■ **Requirement**: Write out all records as given; omit images.

■ **Exercise data**:

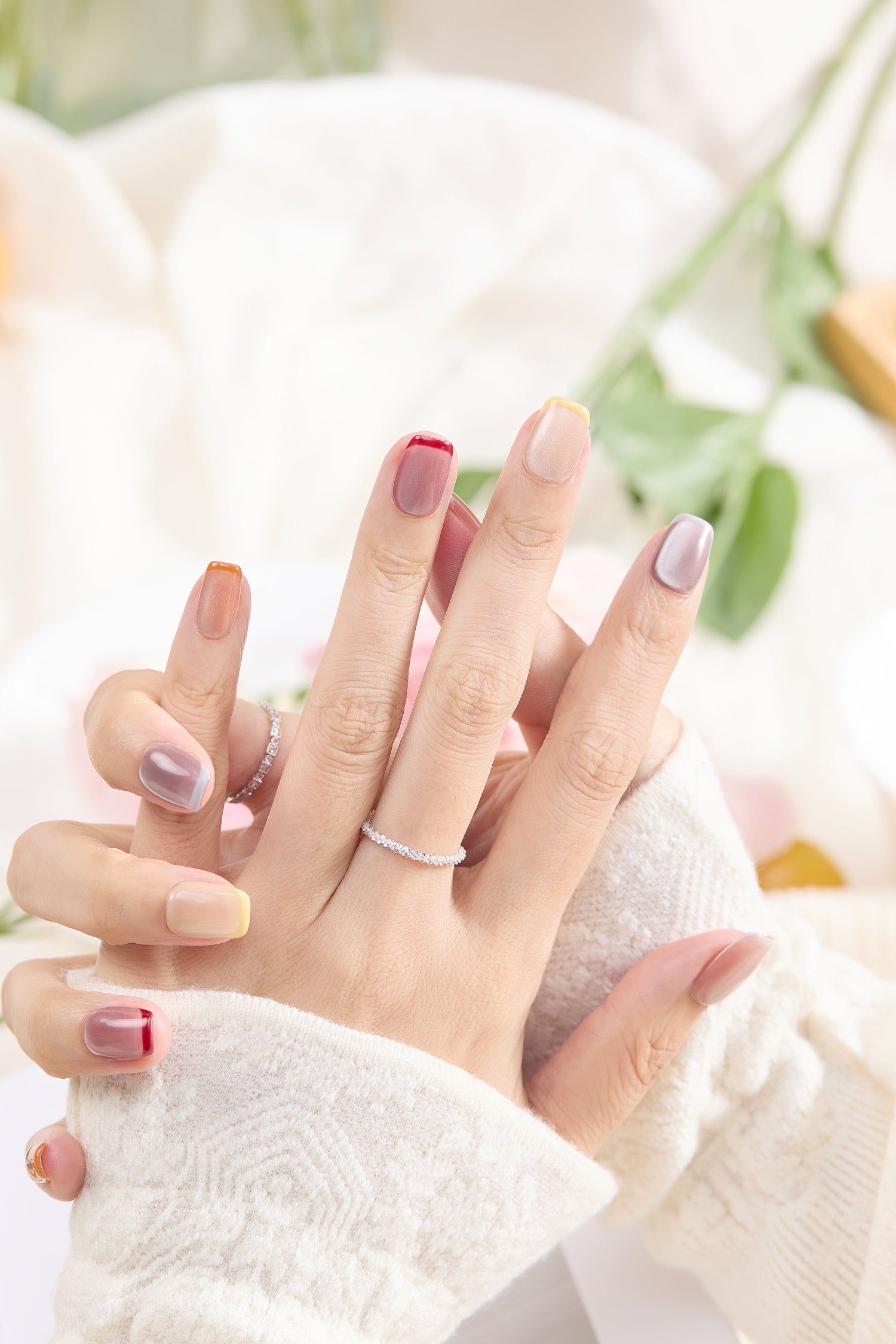 ootd.nail パステル グラデーション マグネット フレンチ ジェルネイルチップ 着用イメージ|カラフル・上品・春夏ネイル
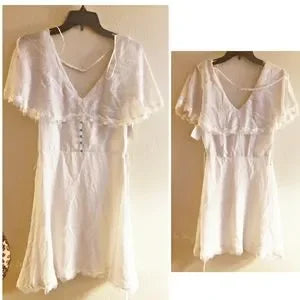 Willow & Clay white gauzy dress.  Sz Small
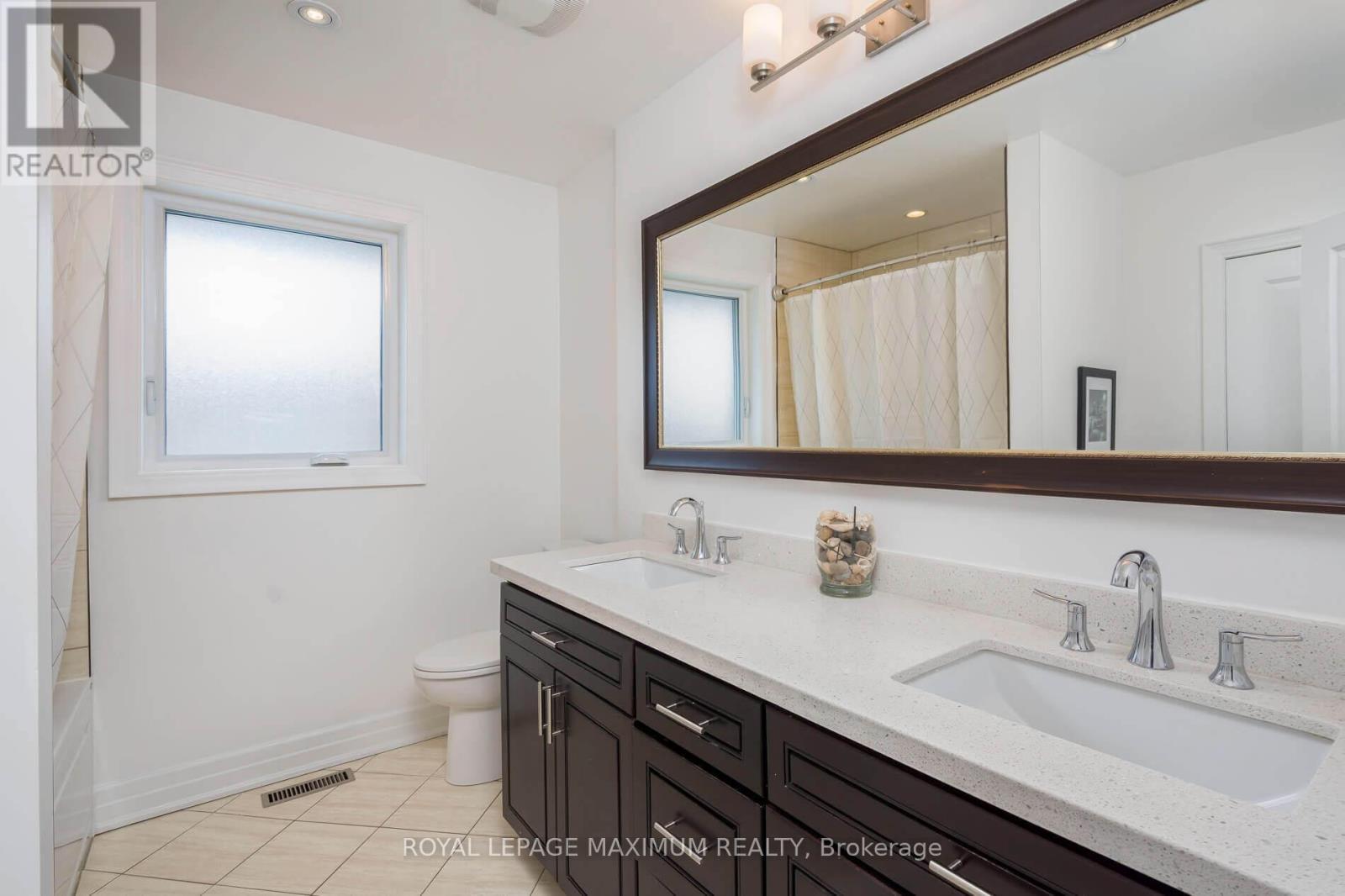 












55 ASHMOUNT CRESCENT

,
Toronto,




Ontario
M9R1C9

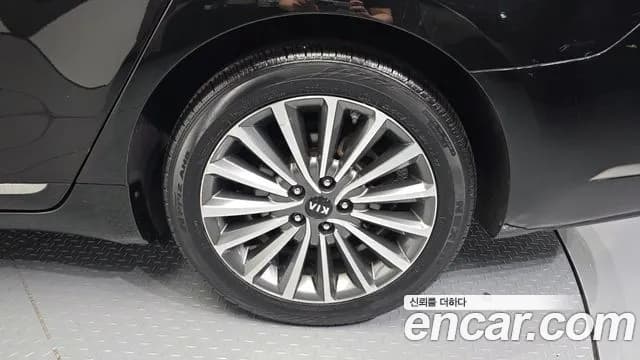 2018 Kia All New K7 3.0 GDI Limited Sold VIN KNALB416BJA141991 – photo 18 2018 Kia All New K7 3.0 GDI Limited Sold VIN KNALB416BJA141991 – photo 18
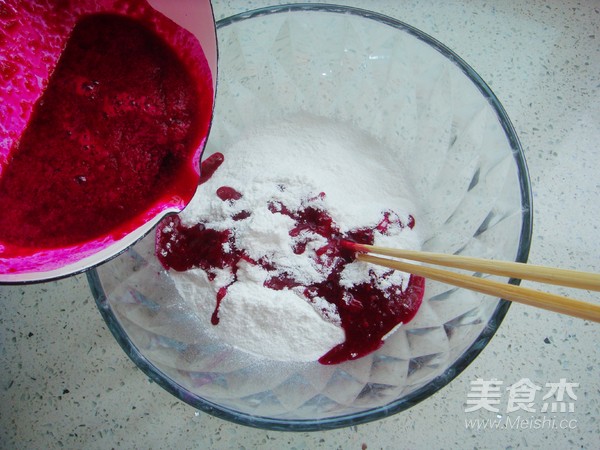 莲蓉花朵和果子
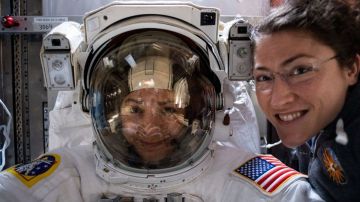 Las astronautas Christina Koch y Jessica Meir.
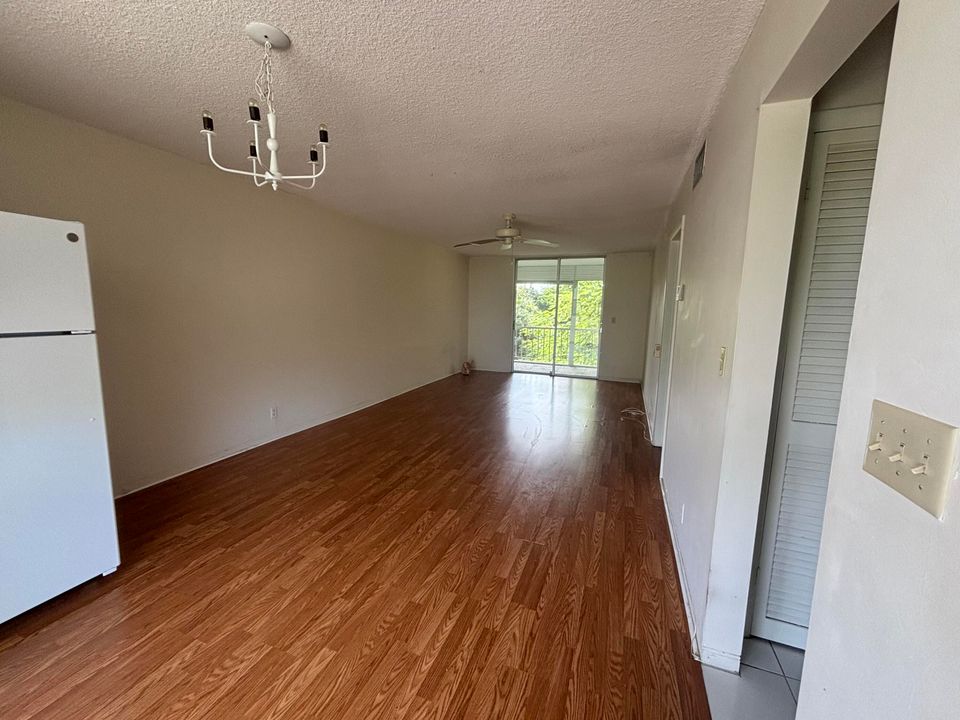 For Rent: $1,600 (1 beds, 1 baths, 720 Square Feet)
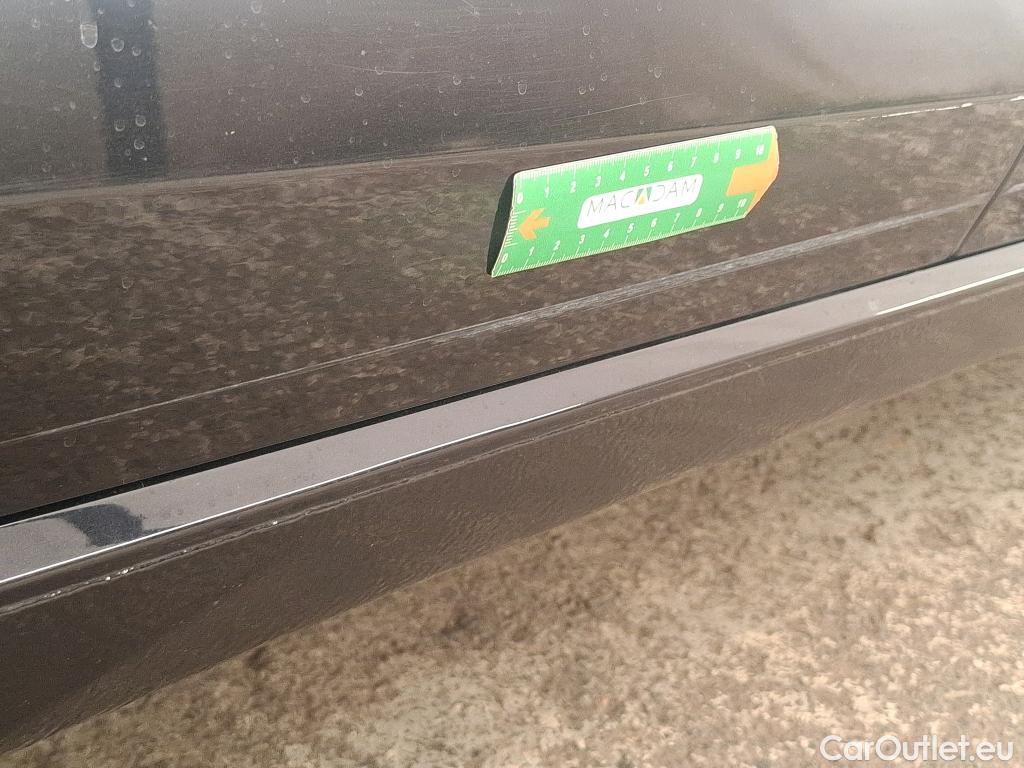  Volkswagen  Golf  VOLKSWAGEN / 2020 / 5P / Berline 1.5 TSI ACT OPF 130 BVM6 Life Busi 1st #17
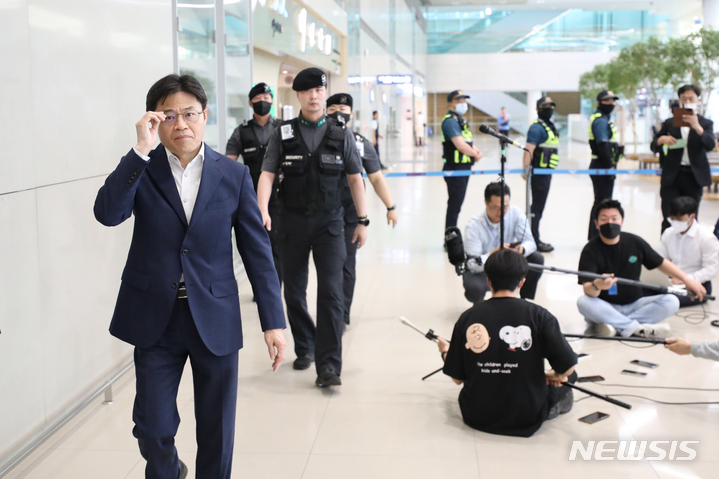 [인천공항=뉴시스] 김금보 기자 = 후쿠시마 원전 전문가 현장시찰단장인 유국희 원자력안전위원회 위원장이 현지 시찰을 마치고 26일 오후 인천국제공항 제2터미널 입국장을 통해 귀국해 질의응답을 마치고 이동하고 있다. 2023.05.26. kgb@newsis.com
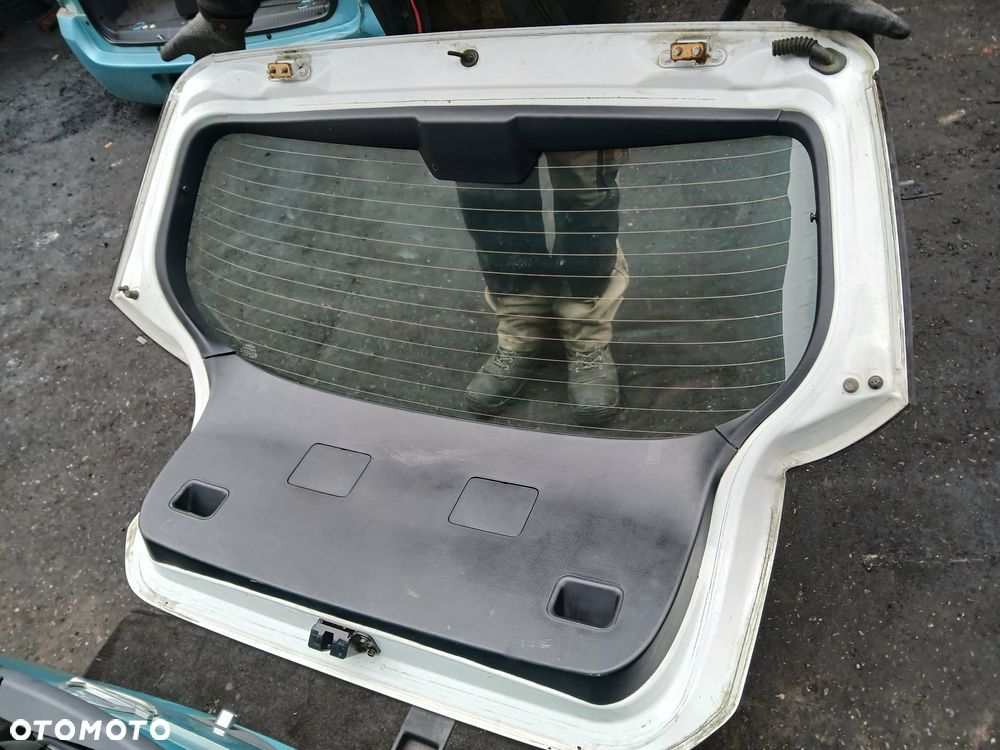 Toyota Corolla E12 Klapa bagażnika - 5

■ **Your response**:
 ootd.nail パステル グラデーション マグネット フレンチ ジェルネイルチップ 着用イメージ|カラフル・上品・春夏ネイル
 Willow & Clay white gauzy dress.  Sz Small












55 ASHMOUNT CRESCENT

,
Toronto,




Ontario
M9R1C9

 2018 Kia All New K7 3.0 GDI Limited Sold VIN KNALB416BJA141991 – photo 18 2018 Kia All New K7 3.0 GDI Limited Sold VIN KNALB416BJA141991 – photo 18
 莲蓉花朵和果子
 Las astronautas Christina Koch y Jessica Meir.
 For Rent: $1,600 (1 beds, 1 baths, 720 Square Feet)
  Volkswagen  Golf  VOLKSWAGEN / 2020 / 5P / Berline 1.5 TSI ACT OPF 130 BVM6 Life Busi 1st #17
 [인천공항=뉴시스] 김금보 기자 = 후쿠시마 원전 전문가 현장시찰단장인 유국희 원자력안전위원회 위원장이 현지 시찰을 마치고 26일 오후 인천국제공항 제2터미널 입국장을 통해 귀국해 질의응답을 마치고 이동하고 있다. 2023.05.26. kgb@newsis.com
 Toyota Corolla E12 Klapa bagażnika - 5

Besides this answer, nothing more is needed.